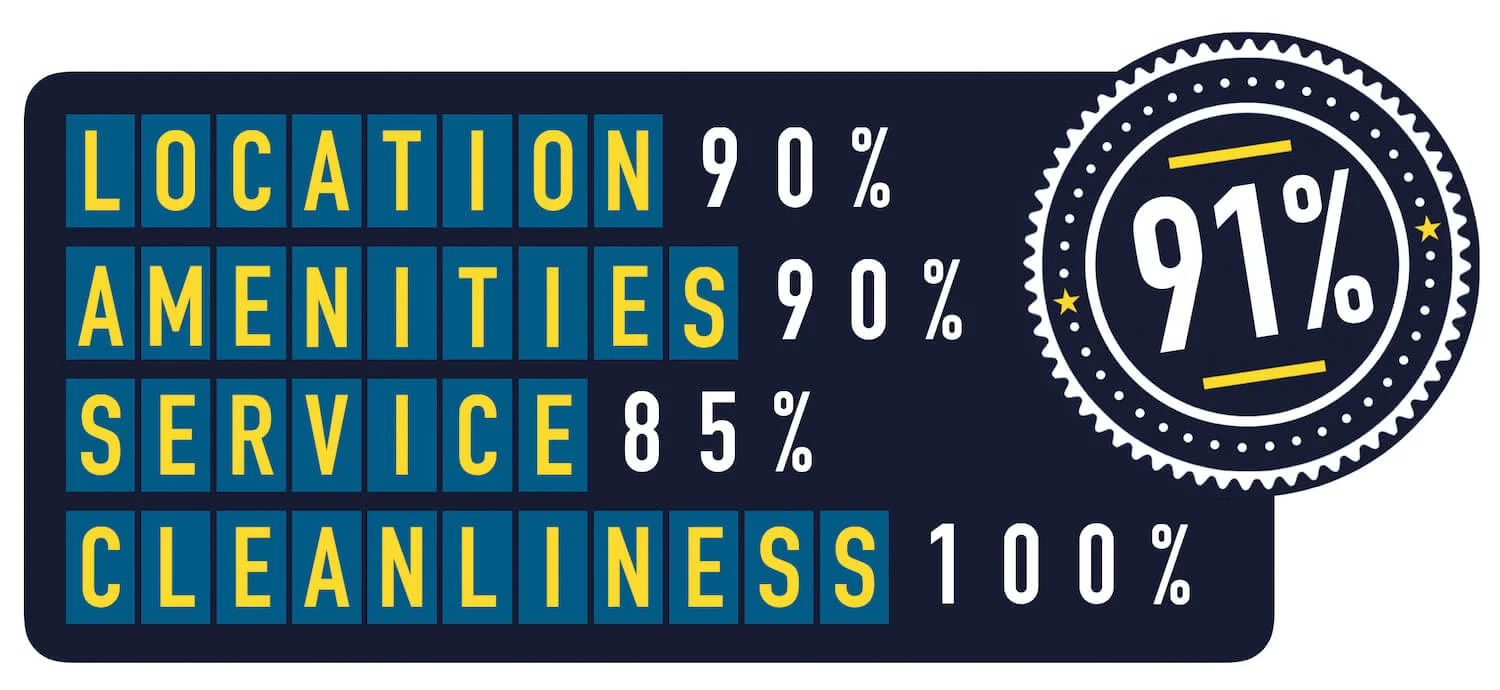 Hilton TECA ODB Review Numbers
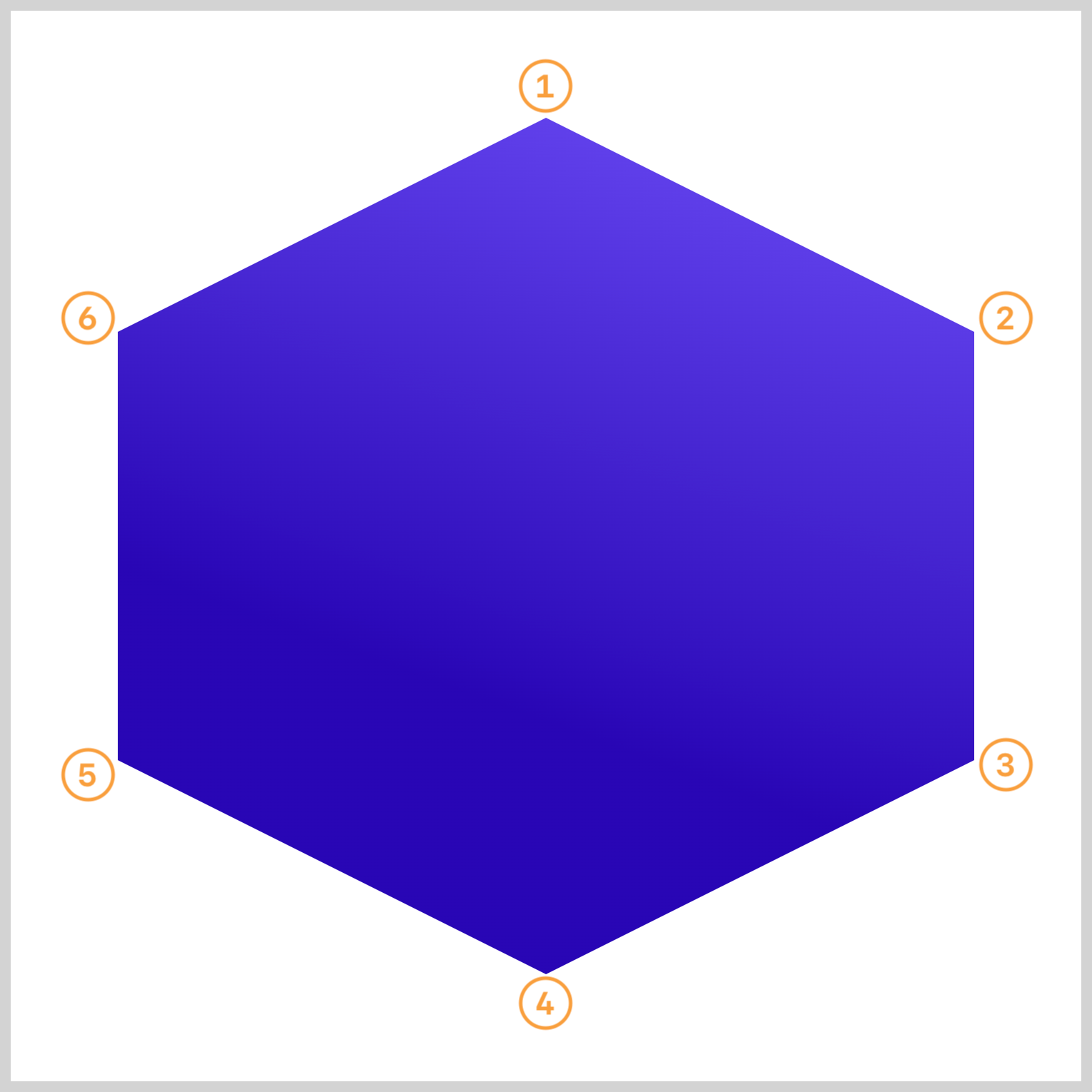 Hexagons - polygon() function explanation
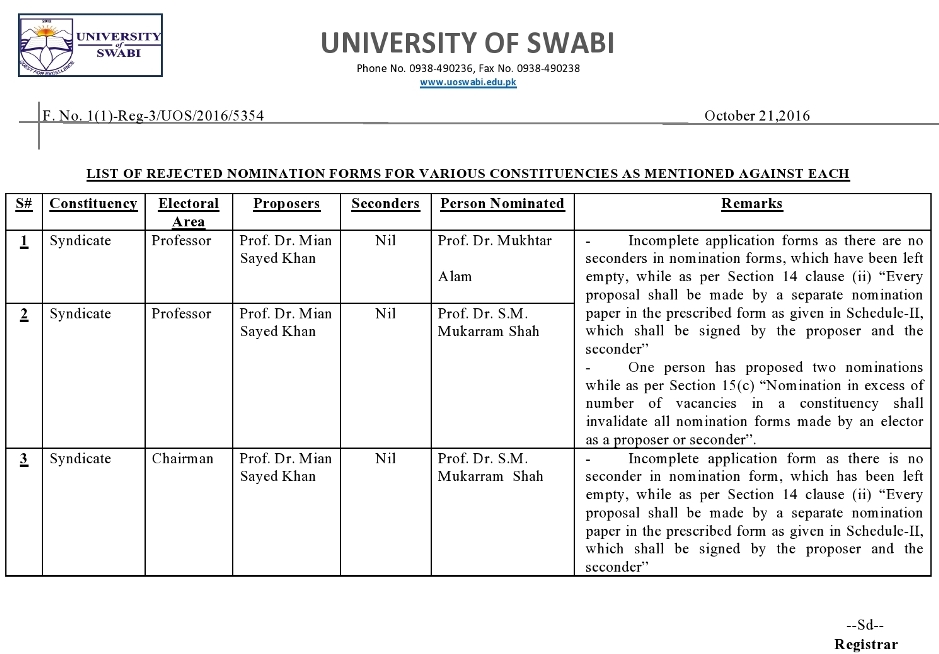 LIST OF REJECTED NOMINATION FORMS FOR VARIOUS CONSTITUENCIES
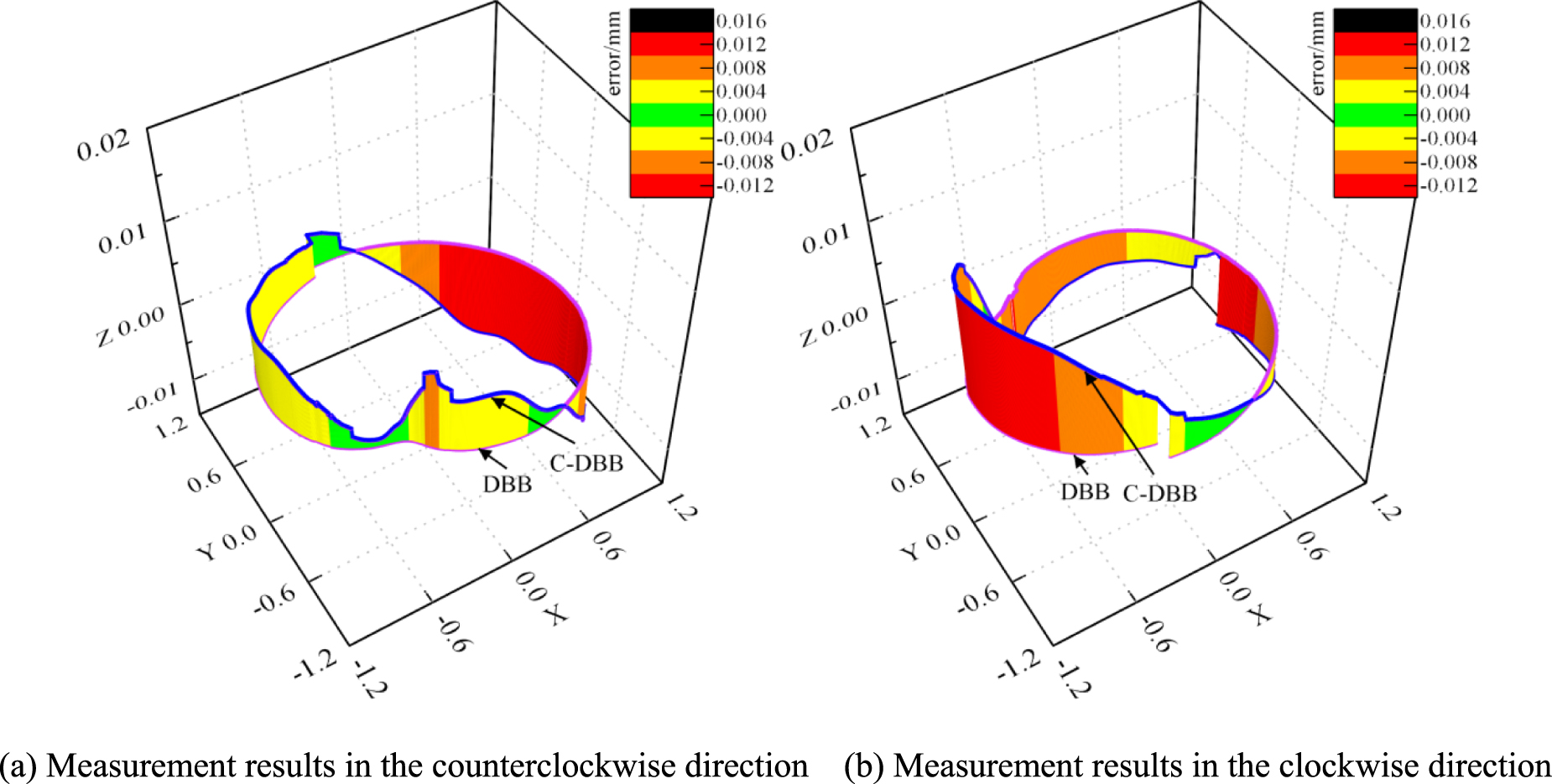 A novel method for measuring radial and axial errors in a cylindrical ...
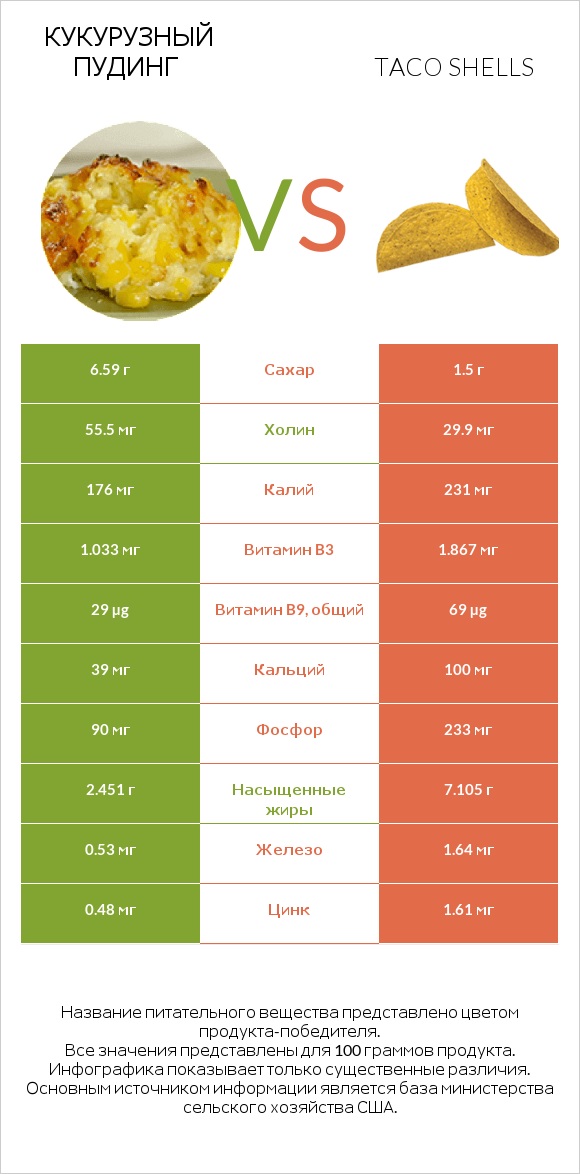 Кукурузный пудинг vs Taco shells infographic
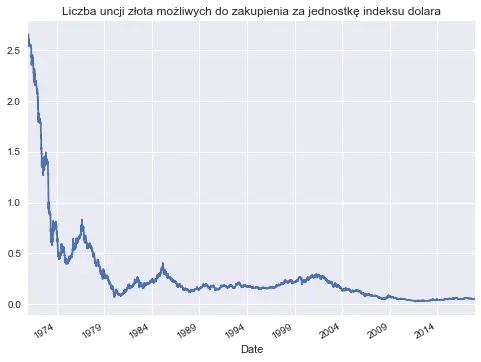 FXMAG forex dxy, bbdxy, czy twdi? czyli jak ugryźć indeks dolara. indeks dolara dxy bbdxy twdi 1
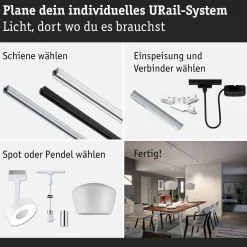 URail Einspeisung Zigbee 3.0 - Mitteleinspeisung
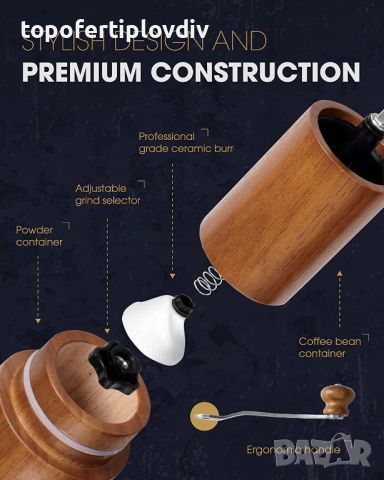 Ръчна мелница за кафе POLIVIAR Manual Coffee Grinder, снимка 7 - Други - 45111622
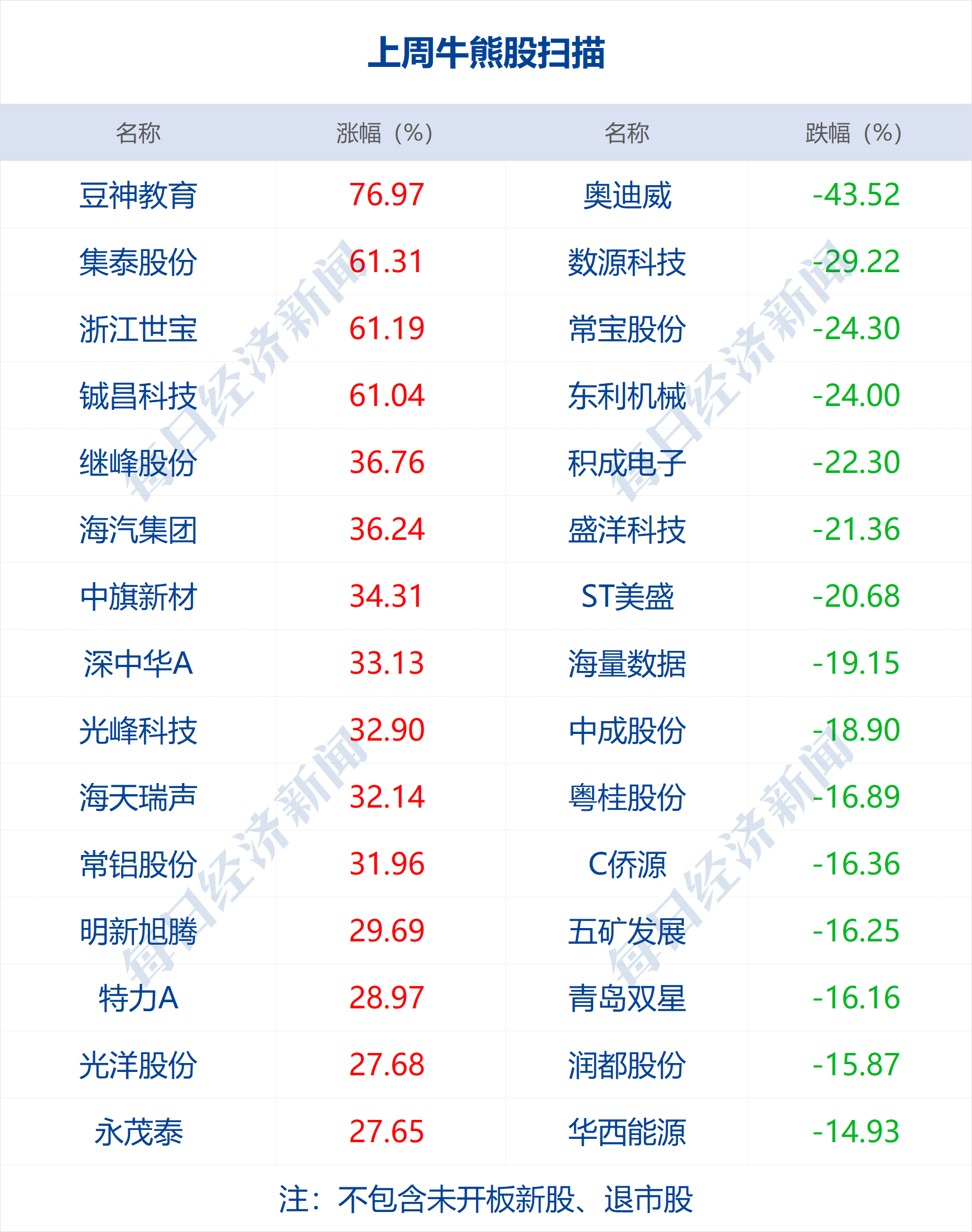 2024澳门最新开奖,创新性执行计划_专业版83.737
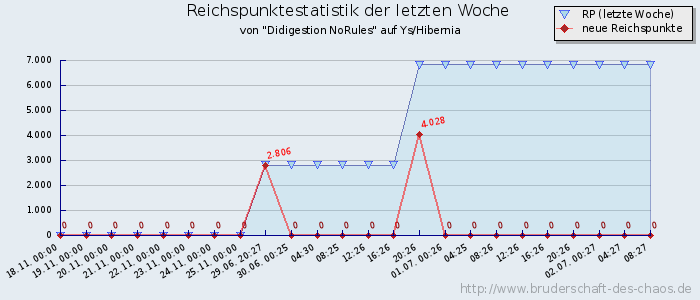 Reichspunktestatistik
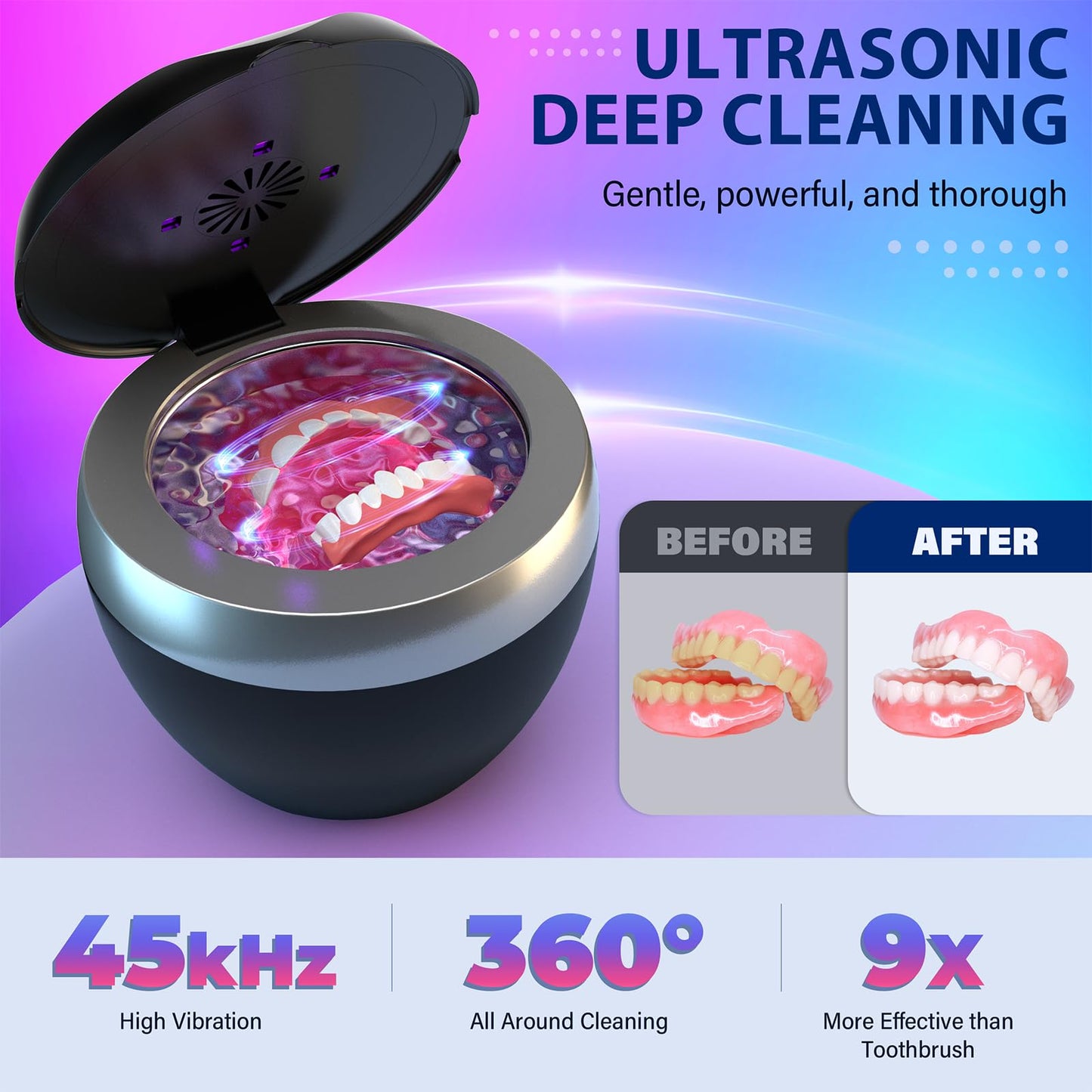 Ultrasonic Retainer Cleaner, 200ML Denture Cleaner for Mouthguard, Aligner, Brace, Night Guard and Dental Appliance with 4 Modes, 45kHz Jewelry Cleaner for Rings, Dental Cleaning Pod with Basket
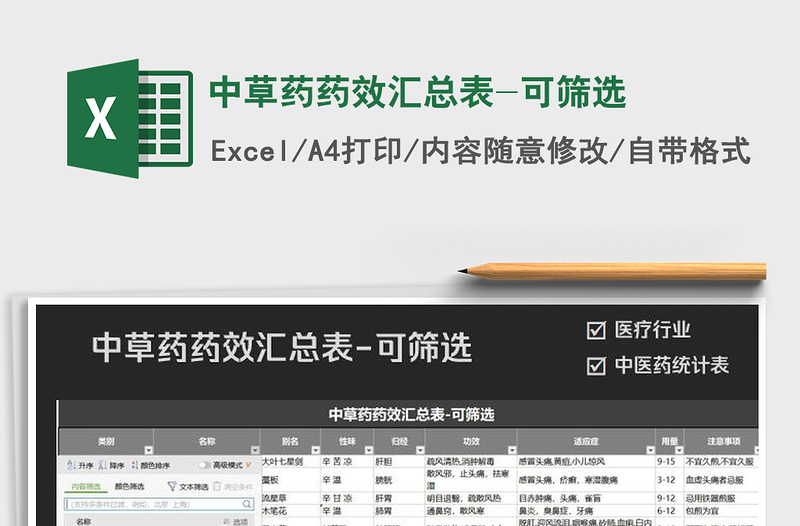 2021年中草藥藥效匯總表-可篩選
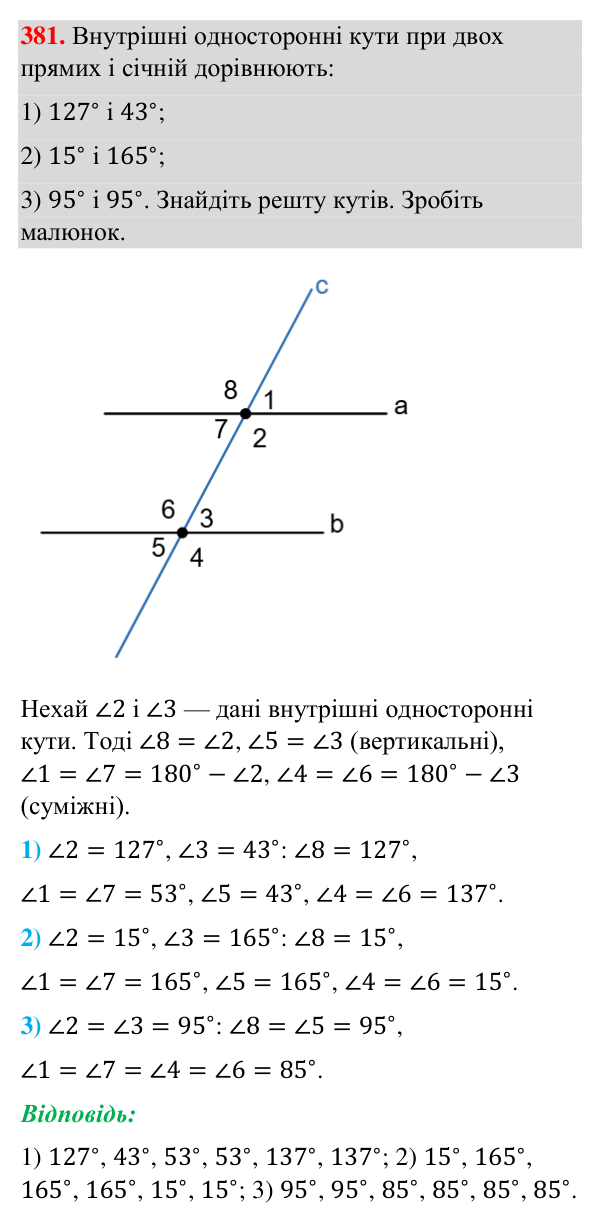 Відповідь до завдання 381 (с. 98) з геометрії для 7 класу (Бурда, 2024): Паралельні прямі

How to complete this task:
For this answer, retype the lines from the start of the listing through the line that holds "Кукурузный пудинг vs Taco shells infographic", inclusive, exactly and without pictures.

Answer for this exercise:
 Hilton TECA ODB Review Numbers
 Hexagons - polygon() function explanation
 LIST OF REJECTED NOMINATION FORMS FOR VARIOUS CONSTITUENCIES
 A novel method for measuring radial and axial errors in a cylindrical ...
 Кукурузный пудинг vs Taco shells infographic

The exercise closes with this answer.